2.3.2. Empirical Orthogonal Function (EOF) Analysis
For purpose of investigating the spatial and temporal variability characteristics, we employed the Empirical Orthogonal Function (EOF) which involves calculating the parameters of the covariance matrix of data anomalies, with the variance (eigenvalue) associated with each Principal Components (PCs) providing a measure of the variability explained by that mode (Hannachi et al., 2007). EOFs represent the spatial patterns corresponding to the regions with the highest variability, while the associated scores, or Principal Components (PCs), provide the related time series.
2.3.3. Trend Analysis
In this study a linear regression statistical method is used to model the relationship between the PCs time series and time (years) same method used by (Fan et al., 2022) The slope derived from this regression indicates the rate of change of precipitation extremes, revealing whether the PCs exhibit a significant upward, downward or no trend observed over time. The Mann Kendal (MK) test (Mann, 1945; Kendall, 1955) was employed at (p < 0.05) and (p < 0.01) significant level to test the significance of both linear and spatial trend distribution respectively due to its reliability non-parametric nature, MK is not influenced by the non-normality of the data and exhibits low sensitivity to abrupt breaks in inhomogeneous series.
2.3.4. Correlation Analysis
Pearson correlation coefficient is used between the principal components of extreme indices and tropical oceanic systems underlying influences of oceanic factors on extremes during MAM season.
3. Results and Discussion
3.1. Climatological Means of Extreme Precipitations
The spatial distributions of the climatological means of extreme precipitation indices over Tanzania during the MAM season (1981-2024) are shown in Figure 2. The analysis indicates a significant regional contrast in moisture availability and drought risk. Specifically, the central, western, and southwestern parts of the country are more characterized by intense drought extremes compared to the northern, eastern, and southern highlands.
As shown in Figure 2(a), values of CDD lower than 40 days are observed over the southern highlands and the northern and eastern parts of the country. In contrast, values greater than 50 days are dominant over the western and southwestern parts, with isolated areas in the northeastern highlands also exhibiting a longer range of dry spells. This spatial distribution of CDD suggests that while MAM is a primary rainy season, the interior regions are subject to higher intra-seasonal dry-spell persistence, which may be attributed to the rain shadow effect of the eastern escarpments and the semi arid nature of the central plateau.

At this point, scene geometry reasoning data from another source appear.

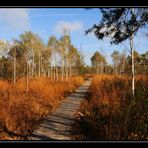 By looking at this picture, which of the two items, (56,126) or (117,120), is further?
(56,126)

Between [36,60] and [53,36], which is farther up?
[53,36]

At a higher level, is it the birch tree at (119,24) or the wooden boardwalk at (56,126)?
the birch tree at (119,24)

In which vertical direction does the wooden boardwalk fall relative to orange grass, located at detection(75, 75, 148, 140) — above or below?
A: below

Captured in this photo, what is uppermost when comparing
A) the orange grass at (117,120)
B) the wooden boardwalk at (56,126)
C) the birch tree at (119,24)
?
the birch tree at (119,24)

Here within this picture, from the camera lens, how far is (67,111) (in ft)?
32.2

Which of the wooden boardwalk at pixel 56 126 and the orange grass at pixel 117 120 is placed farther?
the wooden boardwalk at pixel 56 126

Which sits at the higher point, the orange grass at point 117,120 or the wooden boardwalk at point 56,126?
the orange grass at point 117,120

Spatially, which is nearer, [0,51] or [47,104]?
[47,104]

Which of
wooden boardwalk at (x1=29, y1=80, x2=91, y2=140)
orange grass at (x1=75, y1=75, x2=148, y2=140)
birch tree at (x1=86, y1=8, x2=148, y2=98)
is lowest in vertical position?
wooden boardwalk at (x1=29, y1=80, x2=91, y2=140)

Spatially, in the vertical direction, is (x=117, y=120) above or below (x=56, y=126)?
above

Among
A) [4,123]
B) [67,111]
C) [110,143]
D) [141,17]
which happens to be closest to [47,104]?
[67,111]

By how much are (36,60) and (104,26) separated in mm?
32378

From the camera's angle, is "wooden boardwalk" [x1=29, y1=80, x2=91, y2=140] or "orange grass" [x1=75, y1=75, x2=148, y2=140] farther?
"wooden boardwalk" [x1=29, y1=80, x2=91, y2=140]

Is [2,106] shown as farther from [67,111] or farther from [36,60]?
[36,60] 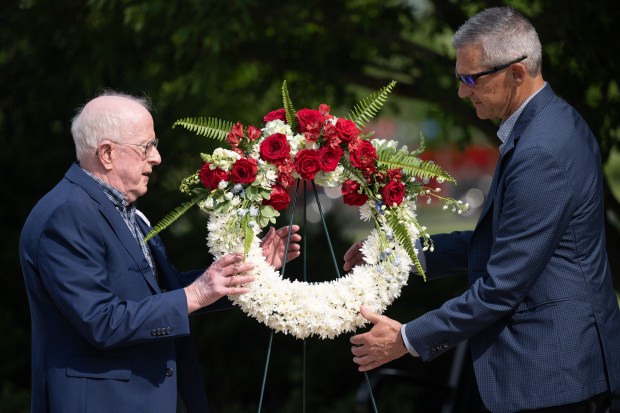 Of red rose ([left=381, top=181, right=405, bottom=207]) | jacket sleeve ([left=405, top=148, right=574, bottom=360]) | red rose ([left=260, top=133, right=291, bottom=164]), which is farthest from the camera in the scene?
red rose ([left=381, top=181, right=405, bottom=207])

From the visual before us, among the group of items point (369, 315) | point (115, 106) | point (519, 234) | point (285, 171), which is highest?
point (115, 106)

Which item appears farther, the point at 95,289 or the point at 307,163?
the point at 307,163

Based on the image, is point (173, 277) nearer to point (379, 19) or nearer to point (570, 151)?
point (570, 151)

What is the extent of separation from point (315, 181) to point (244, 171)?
33 cm

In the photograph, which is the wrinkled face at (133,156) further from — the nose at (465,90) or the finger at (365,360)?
the nose at (465,90)

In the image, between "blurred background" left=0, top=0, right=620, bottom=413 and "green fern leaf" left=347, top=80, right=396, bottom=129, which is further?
"blurred background" left=0, top=0, right=620, bottom=413

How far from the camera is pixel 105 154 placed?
3621 mm

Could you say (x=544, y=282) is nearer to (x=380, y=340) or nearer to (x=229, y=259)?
(x=380, y=340)

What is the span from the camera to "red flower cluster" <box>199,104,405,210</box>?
3594 mm

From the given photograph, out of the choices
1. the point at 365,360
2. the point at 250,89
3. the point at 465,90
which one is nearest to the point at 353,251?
the point at 365,360

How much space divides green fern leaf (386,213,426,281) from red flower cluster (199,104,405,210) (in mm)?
66

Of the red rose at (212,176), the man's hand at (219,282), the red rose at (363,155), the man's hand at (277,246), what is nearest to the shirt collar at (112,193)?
the red rose at (212,176)

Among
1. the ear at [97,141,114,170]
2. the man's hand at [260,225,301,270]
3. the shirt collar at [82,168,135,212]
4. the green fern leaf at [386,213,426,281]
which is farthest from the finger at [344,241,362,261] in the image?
the ear at [97,141,114,170]

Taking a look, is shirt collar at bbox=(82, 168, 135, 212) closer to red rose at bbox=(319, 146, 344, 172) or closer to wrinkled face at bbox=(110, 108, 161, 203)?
wrinkled face at bbox=(110, 108, 161, 203) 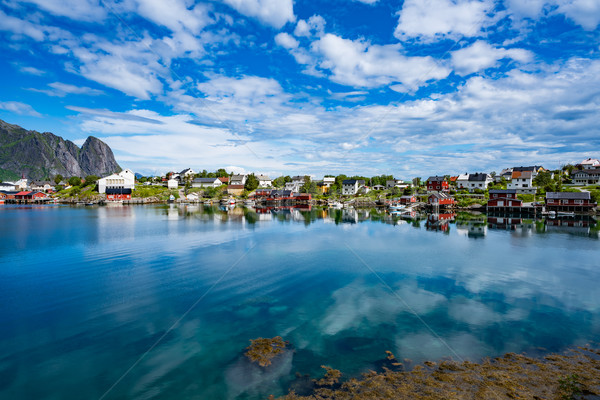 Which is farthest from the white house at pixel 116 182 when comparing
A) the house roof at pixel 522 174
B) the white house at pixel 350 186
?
the house roof at pixel 522 174

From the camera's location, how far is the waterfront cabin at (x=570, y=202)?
229 ft

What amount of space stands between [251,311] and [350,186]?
116526 millimetres

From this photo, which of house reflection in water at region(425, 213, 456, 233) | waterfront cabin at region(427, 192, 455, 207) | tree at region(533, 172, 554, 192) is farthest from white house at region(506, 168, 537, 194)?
house reflection in water at region(425, 213, 456, 233)

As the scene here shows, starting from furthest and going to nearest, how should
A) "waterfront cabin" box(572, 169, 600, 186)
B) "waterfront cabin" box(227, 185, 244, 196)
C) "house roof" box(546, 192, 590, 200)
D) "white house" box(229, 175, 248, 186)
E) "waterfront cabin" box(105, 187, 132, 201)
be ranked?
"white house" box(229, 175, 248, 186)
"waterfront cabin" box(227, 185, 244, 196)
"waterfront cabin" box(105, 187, 132, 201)
"waterfront cabin" box(572, 169, 600, 186)
"house roof" box(546, 192, 590, 200)

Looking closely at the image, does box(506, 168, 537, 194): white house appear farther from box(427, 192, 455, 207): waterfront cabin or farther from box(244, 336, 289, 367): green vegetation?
box(244, 336, 289, 367): green vegetation

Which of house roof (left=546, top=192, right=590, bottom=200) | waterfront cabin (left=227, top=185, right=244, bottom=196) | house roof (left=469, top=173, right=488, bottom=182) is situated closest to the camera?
house roof (left=546, top=192, right=590, bottom=200)

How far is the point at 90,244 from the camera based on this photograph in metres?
31.4

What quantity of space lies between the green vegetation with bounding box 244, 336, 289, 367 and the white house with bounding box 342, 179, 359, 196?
387ft

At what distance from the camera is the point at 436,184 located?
109 m

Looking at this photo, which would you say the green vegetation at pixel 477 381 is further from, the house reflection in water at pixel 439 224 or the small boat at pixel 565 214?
the small boat at pixel 565 214

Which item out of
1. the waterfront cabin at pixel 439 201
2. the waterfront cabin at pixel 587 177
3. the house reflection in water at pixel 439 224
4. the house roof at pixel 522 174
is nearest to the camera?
the house reflection in water at pixel 439 224

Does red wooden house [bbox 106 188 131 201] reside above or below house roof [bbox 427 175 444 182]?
below

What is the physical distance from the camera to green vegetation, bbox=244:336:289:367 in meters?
10.8

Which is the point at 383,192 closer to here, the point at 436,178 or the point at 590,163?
the point at 436,178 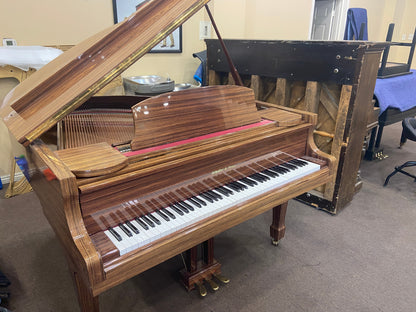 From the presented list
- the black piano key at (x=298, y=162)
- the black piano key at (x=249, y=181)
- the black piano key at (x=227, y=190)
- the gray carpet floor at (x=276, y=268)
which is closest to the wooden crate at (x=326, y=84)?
the gray carpet floor at (x=276, y=268)

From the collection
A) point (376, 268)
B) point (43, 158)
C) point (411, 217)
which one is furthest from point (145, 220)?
point (411, 217)

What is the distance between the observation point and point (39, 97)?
1.30m

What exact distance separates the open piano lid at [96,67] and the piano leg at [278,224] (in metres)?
1.46

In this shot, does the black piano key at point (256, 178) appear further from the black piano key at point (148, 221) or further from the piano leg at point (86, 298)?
the piano leg at point (86, 298)

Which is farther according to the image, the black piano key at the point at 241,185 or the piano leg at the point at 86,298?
the black piano key at the point at 241,185

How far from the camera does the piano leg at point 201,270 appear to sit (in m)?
1.82

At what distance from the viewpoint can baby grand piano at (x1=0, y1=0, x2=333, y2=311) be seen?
113cm

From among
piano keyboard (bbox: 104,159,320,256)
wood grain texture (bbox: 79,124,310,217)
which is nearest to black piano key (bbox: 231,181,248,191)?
piano keyboard (bbox: 104,159,320,256)

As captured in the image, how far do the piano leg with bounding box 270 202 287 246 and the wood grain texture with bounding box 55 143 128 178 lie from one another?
52.8 inches

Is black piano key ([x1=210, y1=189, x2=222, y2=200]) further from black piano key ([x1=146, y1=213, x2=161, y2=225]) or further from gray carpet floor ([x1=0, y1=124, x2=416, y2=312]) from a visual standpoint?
gray carpet floor ([x1=0, y1=124, x2=416, y2=312])

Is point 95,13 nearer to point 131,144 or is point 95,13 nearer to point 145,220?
point 131,144

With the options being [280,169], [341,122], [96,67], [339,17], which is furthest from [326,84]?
[339,17]

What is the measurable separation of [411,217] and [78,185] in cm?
284

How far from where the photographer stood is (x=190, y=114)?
1.49 meters
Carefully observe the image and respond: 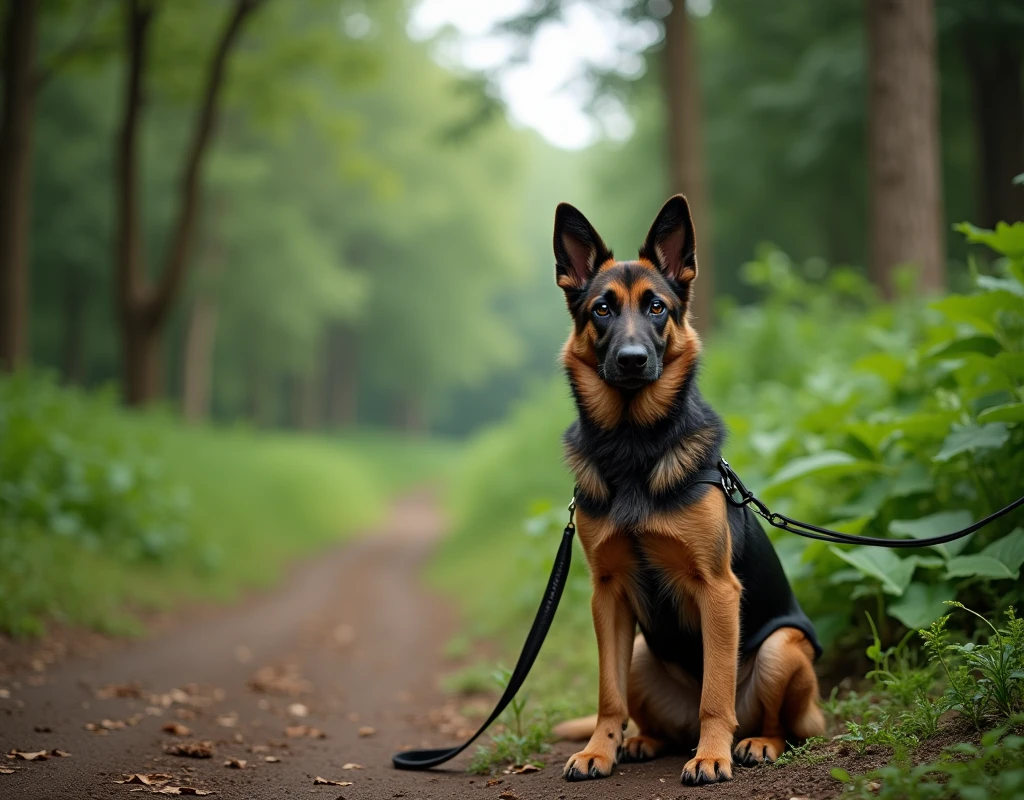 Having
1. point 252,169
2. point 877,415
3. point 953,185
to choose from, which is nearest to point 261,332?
point 252,169

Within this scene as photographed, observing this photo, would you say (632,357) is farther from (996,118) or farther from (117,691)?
(996,118)

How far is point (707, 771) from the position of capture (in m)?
3.39

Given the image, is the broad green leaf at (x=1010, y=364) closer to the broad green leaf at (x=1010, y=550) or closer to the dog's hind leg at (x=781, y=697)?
the broad green leaf at (x=1010, y=550)

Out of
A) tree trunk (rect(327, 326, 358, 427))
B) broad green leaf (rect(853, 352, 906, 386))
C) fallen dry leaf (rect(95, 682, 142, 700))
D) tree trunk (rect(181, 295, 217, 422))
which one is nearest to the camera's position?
broad green leaf (rect(853, 352, 906, 386))

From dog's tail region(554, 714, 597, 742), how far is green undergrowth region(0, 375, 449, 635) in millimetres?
4819

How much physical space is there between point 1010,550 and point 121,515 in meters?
9.31

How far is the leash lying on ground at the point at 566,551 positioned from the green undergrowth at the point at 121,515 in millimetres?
4425

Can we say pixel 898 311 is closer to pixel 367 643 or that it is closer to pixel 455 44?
pixel 367 643

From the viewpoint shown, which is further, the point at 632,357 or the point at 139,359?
the point at 139,359

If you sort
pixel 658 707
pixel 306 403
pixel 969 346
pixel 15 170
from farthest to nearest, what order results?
pixel 306 403
pixel 15 170
pixel 969 346
pixel 658 707

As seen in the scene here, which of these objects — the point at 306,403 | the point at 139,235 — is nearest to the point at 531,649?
the point at 139,235

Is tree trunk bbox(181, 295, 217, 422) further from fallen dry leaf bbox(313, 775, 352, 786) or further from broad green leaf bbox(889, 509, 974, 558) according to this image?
broad green leaf bbox(889, 509, 974, 558)

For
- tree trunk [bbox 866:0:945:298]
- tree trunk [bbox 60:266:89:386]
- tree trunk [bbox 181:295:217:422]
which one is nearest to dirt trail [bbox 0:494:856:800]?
tree trunk [bbox 866:0:945:298]

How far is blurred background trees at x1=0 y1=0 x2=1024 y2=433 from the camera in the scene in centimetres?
1288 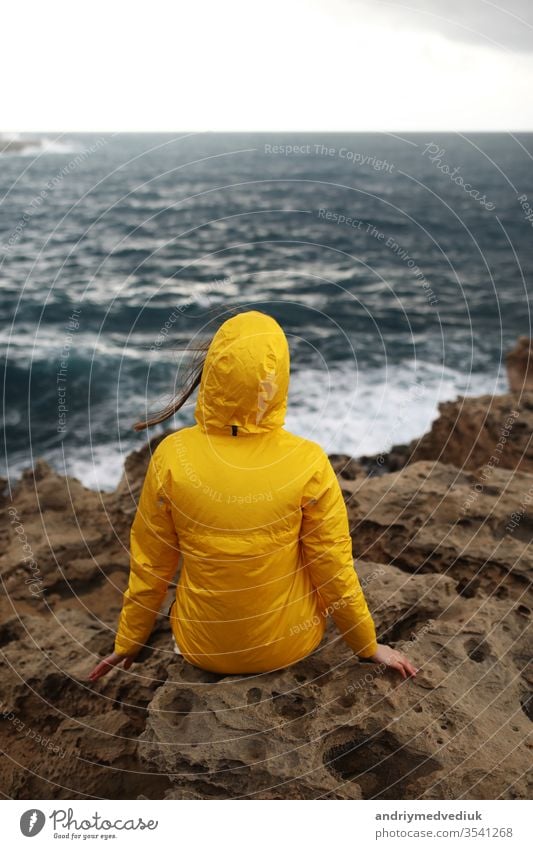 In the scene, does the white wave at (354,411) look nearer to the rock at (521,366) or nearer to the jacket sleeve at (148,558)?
the rock at (521,366)

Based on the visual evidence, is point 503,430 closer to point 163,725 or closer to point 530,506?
point 530,506

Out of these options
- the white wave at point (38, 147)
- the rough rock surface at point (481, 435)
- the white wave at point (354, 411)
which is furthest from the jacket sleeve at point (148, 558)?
the white wave at point (38, 147)

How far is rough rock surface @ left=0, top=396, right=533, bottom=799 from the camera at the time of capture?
2.57 meters

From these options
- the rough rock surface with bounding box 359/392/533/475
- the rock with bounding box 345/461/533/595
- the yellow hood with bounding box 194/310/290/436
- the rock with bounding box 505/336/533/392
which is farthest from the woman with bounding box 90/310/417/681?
the rock with bounding box 505/336/533/392

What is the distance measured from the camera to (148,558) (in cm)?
274

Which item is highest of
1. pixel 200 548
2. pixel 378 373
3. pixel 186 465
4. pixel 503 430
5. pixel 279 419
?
pixel 279 419

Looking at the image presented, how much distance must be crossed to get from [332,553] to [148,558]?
0.75 meters

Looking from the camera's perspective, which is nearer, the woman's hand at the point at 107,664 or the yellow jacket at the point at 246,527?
the yellow jacket at the point at 246,527

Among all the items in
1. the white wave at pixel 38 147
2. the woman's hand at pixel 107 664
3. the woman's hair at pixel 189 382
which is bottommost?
the woman's hand at pixel 107 664

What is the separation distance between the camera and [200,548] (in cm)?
258

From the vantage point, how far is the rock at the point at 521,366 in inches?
346

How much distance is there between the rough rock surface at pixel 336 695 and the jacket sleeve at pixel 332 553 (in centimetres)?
27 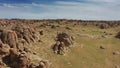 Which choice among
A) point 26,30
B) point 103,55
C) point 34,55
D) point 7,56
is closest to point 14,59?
point 7,56

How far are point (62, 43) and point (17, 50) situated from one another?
58.2 ft

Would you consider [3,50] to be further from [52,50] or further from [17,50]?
[52,50]

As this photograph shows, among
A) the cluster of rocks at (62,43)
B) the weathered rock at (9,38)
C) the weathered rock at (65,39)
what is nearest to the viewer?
the weathered rock at (9,38)

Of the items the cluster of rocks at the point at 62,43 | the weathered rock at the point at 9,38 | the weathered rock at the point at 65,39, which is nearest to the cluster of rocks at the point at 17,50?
the weathered rock at the point at 9,38

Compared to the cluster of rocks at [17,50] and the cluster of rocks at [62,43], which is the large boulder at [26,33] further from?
the cluster of rocks at [62,43]

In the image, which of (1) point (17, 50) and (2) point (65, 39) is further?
(2) point (65, 39)

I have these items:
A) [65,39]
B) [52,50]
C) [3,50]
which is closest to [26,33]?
[52,50]

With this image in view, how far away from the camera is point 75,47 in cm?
10212

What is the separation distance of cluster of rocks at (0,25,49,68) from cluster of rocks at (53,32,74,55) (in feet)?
25.9

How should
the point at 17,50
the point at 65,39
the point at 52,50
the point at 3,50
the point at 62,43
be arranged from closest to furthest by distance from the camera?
the point at 3,50 < the point at 17,50 < the point at 52,50 < the point at 62,43 < the point at 65,39

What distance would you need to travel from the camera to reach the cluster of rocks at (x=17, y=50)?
8056cm

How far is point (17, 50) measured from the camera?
8425 centimetres

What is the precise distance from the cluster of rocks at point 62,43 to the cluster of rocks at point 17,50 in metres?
7.88

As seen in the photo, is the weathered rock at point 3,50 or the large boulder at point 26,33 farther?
the large boulder at point 26,33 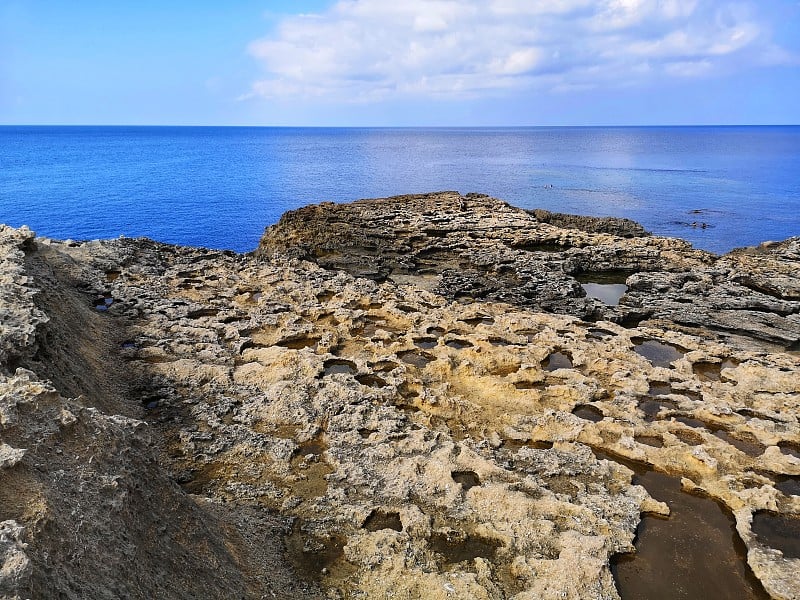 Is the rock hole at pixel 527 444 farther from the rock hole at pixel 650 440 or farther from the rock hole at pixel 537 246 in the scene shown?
the rock hole at pixel 537 246

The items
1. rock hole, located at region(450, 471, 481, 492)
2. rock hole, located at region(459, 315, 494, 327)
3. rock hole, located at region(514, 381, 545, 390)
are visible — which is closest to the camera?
rock hole, located at region(450, 471, 481, 492)

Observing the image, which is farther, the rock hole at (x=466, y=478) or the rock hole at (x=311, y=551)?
the rock hole at (x=466, y=478)

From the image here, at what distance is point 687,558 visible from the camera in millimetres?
9148

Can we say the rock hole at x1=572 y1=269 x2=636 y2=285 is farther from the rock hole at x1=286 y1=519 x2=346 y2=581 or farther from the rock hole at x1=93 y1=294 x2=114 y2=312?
the rock hole at x1=93 y1=294 x2=114 y2=312

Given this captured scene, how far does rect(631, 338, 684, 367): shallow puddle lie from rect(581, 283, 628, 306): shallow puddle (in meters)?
5.20

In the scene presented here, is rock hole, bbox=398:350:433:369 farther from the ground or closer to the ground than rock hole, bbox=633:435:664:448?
farther from the ground

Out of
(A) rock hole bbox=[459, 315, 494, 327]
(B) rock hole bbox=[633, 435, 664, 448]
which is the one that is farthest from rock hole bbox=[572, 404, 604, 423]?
(A) rock hole bbox=[459, 315, 494, 327]

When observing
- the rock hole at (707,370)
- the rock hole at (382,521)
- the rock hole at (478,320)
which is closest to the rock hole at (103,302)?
the rock hole at (478,320)

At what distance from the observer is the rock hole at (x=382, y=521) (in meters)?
9.39

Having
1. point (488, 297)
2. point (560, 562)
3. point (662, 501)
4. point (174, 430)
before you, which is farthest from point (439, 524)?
point (488, 297)

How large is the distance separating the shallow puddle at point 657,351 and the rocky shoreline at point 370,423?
0.09 metres

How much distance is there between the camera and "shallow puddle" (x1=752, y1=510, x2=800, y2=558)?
9.43 m

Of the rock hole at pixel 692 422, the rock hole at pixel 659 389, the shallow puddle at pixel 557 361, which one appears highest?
the shallow puddle at pixel 557 361

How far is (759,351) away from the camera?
17.1m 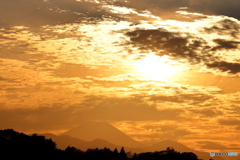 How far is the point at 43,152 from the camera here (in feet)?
336

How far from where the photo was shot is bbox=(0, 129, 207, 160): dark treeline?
98625 millimetres

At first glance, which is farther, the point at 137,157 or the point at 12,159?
the point at 137,157

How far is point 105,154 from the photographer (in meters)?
109

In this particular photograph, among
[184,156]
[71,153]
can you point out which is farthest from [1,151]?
[184,156]

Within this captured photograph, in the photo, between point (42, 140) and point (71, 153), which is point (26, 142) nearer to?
point (42, 140)

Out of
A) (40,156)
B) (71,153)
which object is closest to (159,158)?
(71,153)

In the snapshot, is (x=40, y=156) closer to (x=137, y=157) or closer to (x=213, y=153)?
(x=137, y=157)

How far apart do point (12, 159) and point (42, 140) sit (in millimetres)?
10539

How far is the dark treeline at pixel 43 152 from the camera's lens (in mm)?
98625

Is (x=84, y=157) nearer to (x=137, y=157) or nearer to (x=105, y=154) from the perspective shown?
(x=105, y=154)

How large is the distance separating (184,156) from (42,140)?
36990 mm

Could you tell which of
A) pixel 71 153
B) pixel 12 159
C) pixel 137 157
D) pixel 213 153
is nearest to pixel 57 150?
pixel 71 153

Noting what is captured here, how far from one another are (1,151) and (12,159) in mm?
3267

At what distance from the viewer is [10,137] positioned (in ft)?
335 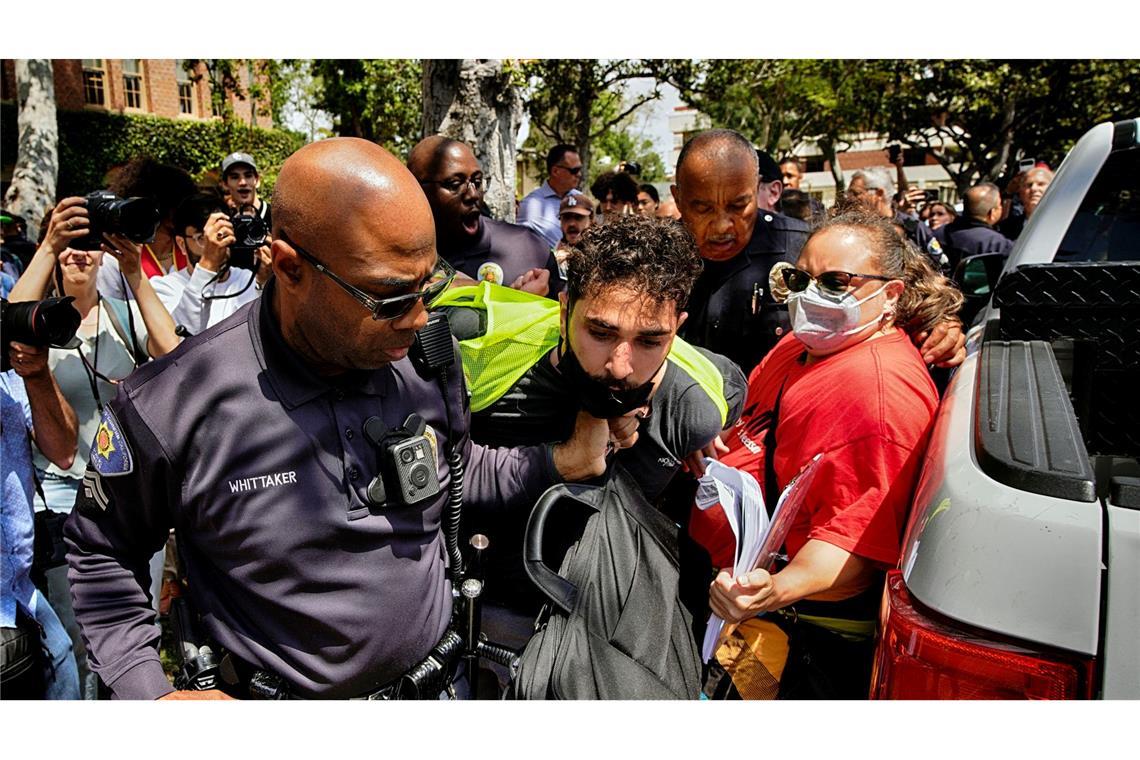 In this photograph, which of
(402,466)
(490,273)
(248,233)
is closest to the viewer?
(402,466)

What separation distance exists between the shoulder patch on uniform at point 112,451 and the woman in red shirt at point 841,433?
125 centimetres

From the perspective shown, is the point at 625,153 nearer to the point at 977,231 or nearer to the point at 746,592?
the point at 977,231

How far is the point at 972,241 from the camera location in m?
6.32

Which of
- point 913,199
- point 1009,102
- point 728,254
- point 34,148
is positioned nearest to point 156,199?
point 728,254

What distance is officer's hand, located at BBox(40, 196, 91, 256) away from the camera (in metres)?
2.59

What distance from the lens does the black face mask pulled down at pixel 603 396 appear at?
5.77 ft

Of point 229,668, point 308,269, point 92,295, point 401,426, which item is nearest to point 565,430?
point 401,426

The CWD shows an opposite spatial distribution whereas values greater than 3 days are observed over most parts of the country, with the highest persistence found in the north and relatively lower values over the central parts extending toward the northeastern highlands Figure 2(b). This pattern of wet spell duration is further explained by the PRCPTOT depicted in Figure 2(c). Here, the northern part of the country and the southwestern highlands extending toward the coastal areas show values exceeding 200 mm. These high totals are likely driven by the convergence of moisture from the Indian Ocean and Lake Victoria. Conversely, the central parts and northeastern highlands show lower accumulation, with values remaining above 50 mm.
The intensity of extreme events, represented by RX5day, shows that values greater than 80 mm are mainly concentrated along the coast and extend toward the southwestern highlands, with significant pockets in the northeastern highlands and areas around Lake Victoria Basin Figure 2(d). The central region, however, depicts lower intensity values. This spatial signature of intensity is reflected in the SDII Figure 2(e) and the frequency of very heavy precipitation days (R20mm) Figure 2(f). Interestingly, while the areas around Lake Victoria show high frequency and total rainfall, the SDII values there are slightly lower than the coastal areas, suggesting that rainfall in those areas is more frequent but potentially less on a daily basis than the coastal areas. These results overall highlight that the coastal and lake zones are the primary drivers of extreme precipitation variability in Tanzania during the MAM season.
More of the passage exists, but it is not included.